◆ WHAT THE TASK ASKS ◆
Hand back every line from the beginning of the data below through the line containing "Image du produit", word for word and free of pictures.

#####

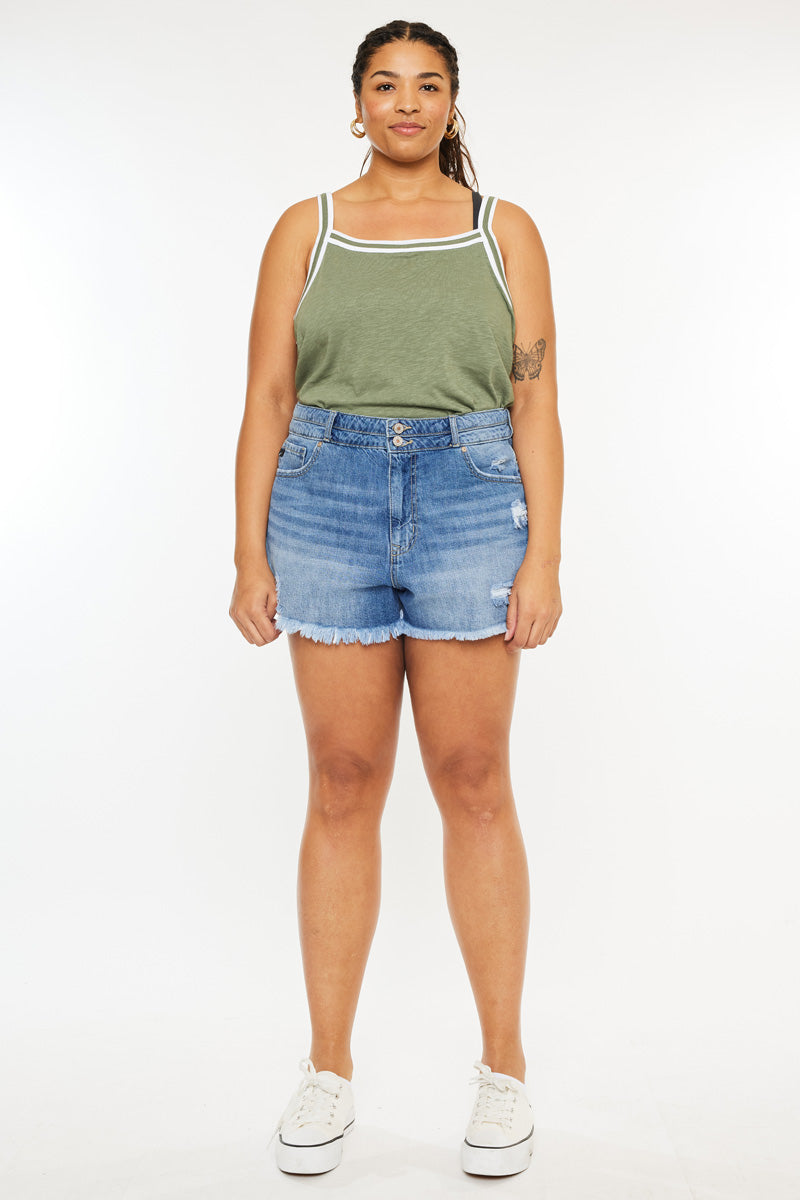 Adelia High Rise Mom Shorts (Plus Size) - Official Kancan USA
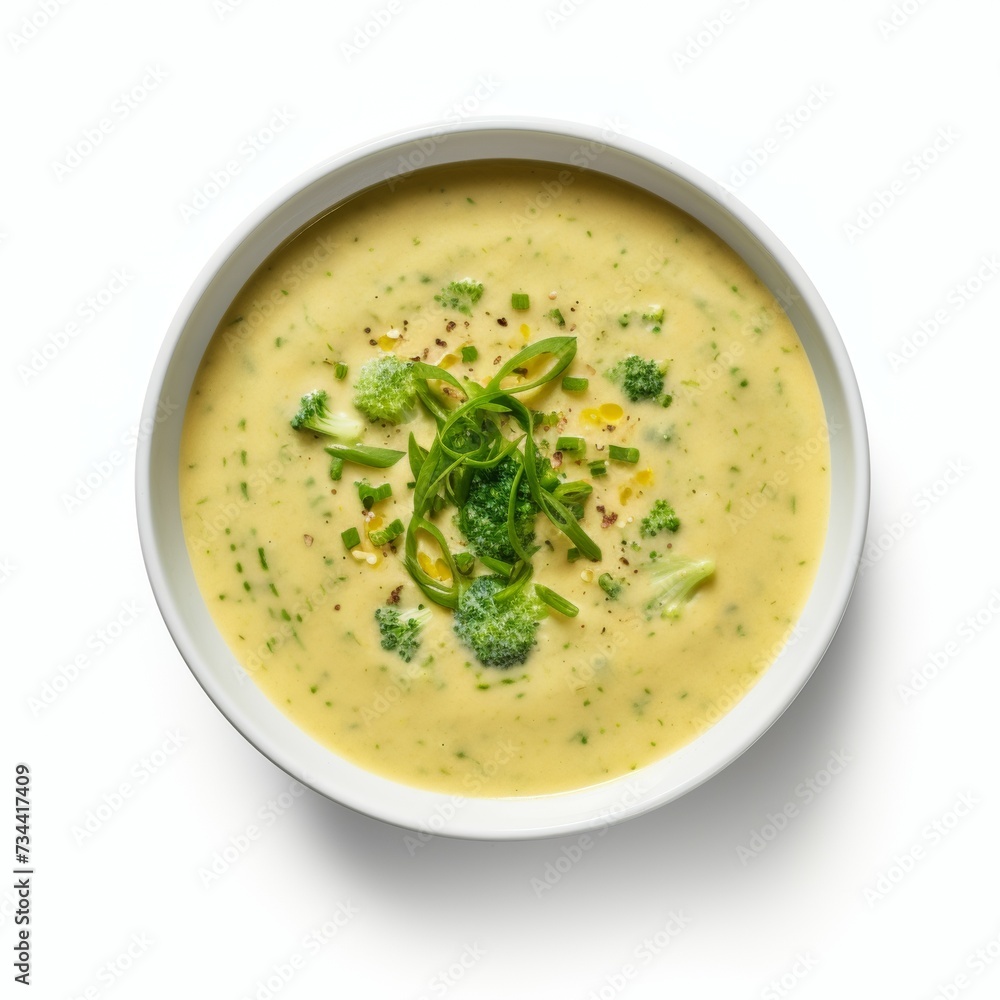 Broccoli soup closeup isolated on white background Broccoli soup closeup isolated on white background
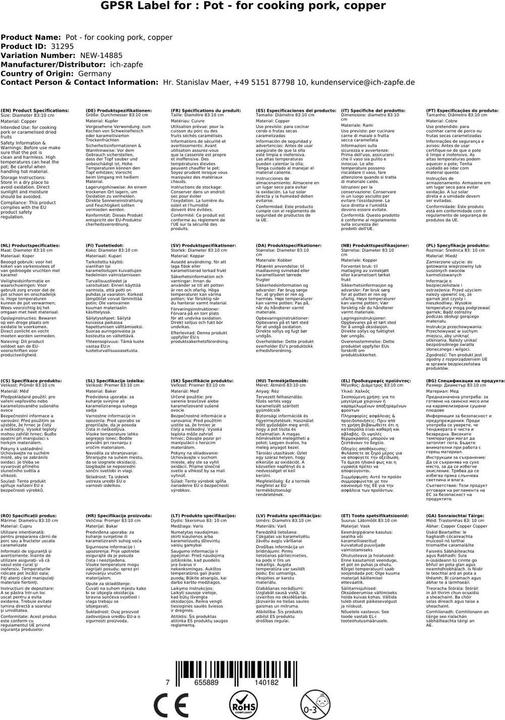 Image du produit Ich-zapfe Marmite - pour la cuisson du porc, cuivre (10 cm, Casserole, Cuivre)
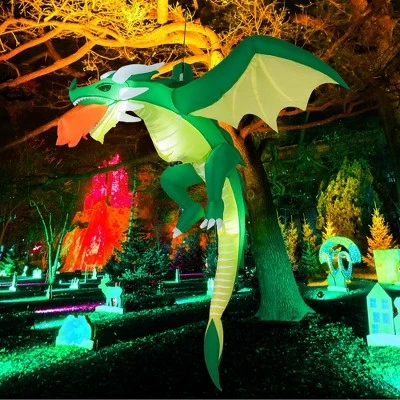 Costway 5 FT Hanging Halloween Inflatable Fire-breathing Dragon Flying Decoration Yard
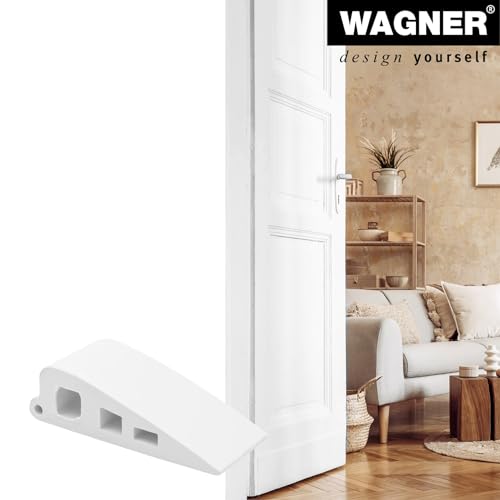 Wagner Door Wedge/Doorstop Soft Stick 2pcs. Set - 59 x 25 x 15 mm, White Door Wedge Made of Solid Rubber, to be Pushed Underneath Doors, Protects Door, Wall and Furniture - 15691502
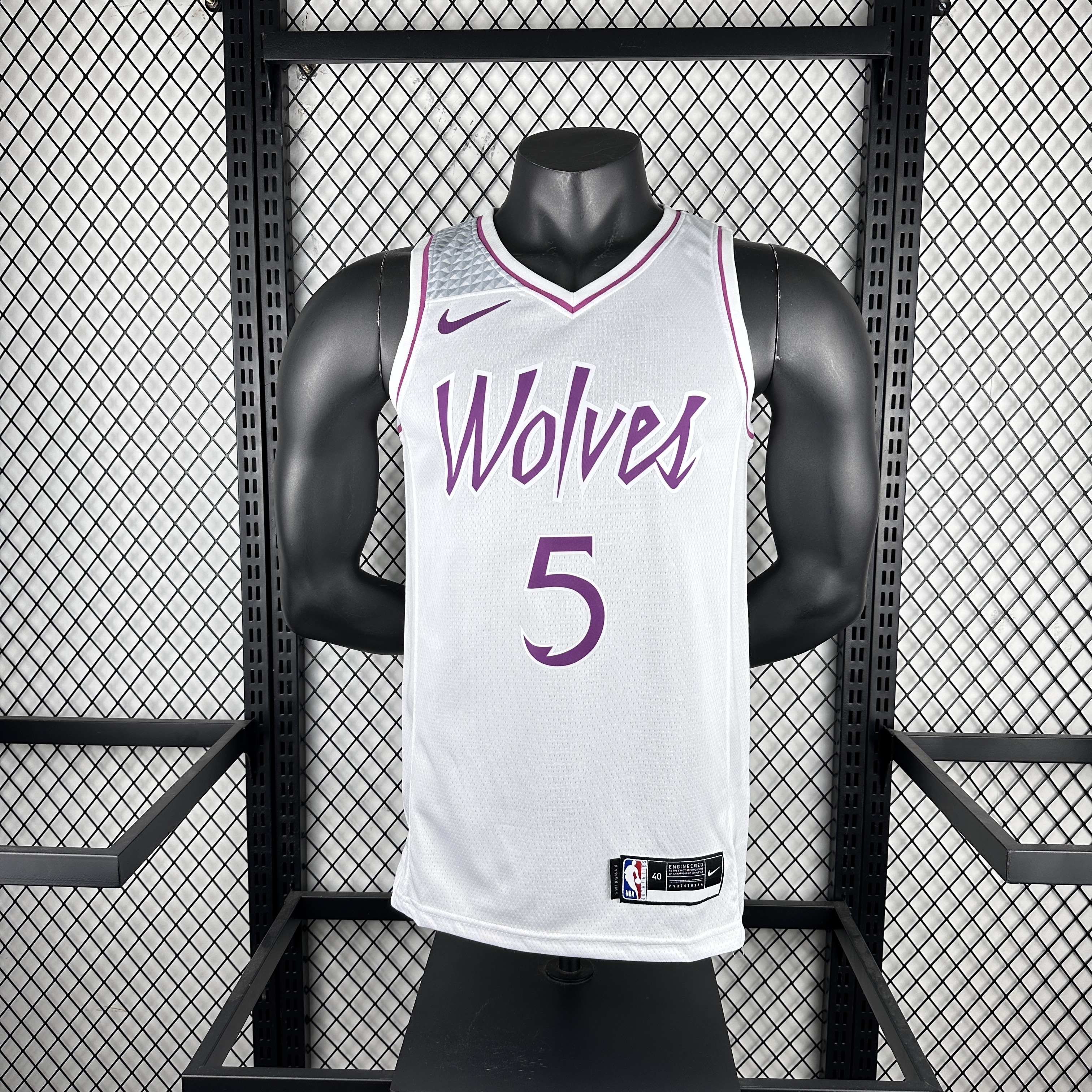Timberwolves white and pink No. 5 Edwards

#####

◆ COMPLETED TASK ◆
 Adelia High Rise Mom Shorts (Plus Size) - Official Kancan USA
 Broccoli soup closeup isolated on white background Broccoli soup closeup isolated on white background
 Image du produit Ich-zapfe Marmite - pour la cuisson du porc, cuivre (10 cm, Casserole, Cuivre)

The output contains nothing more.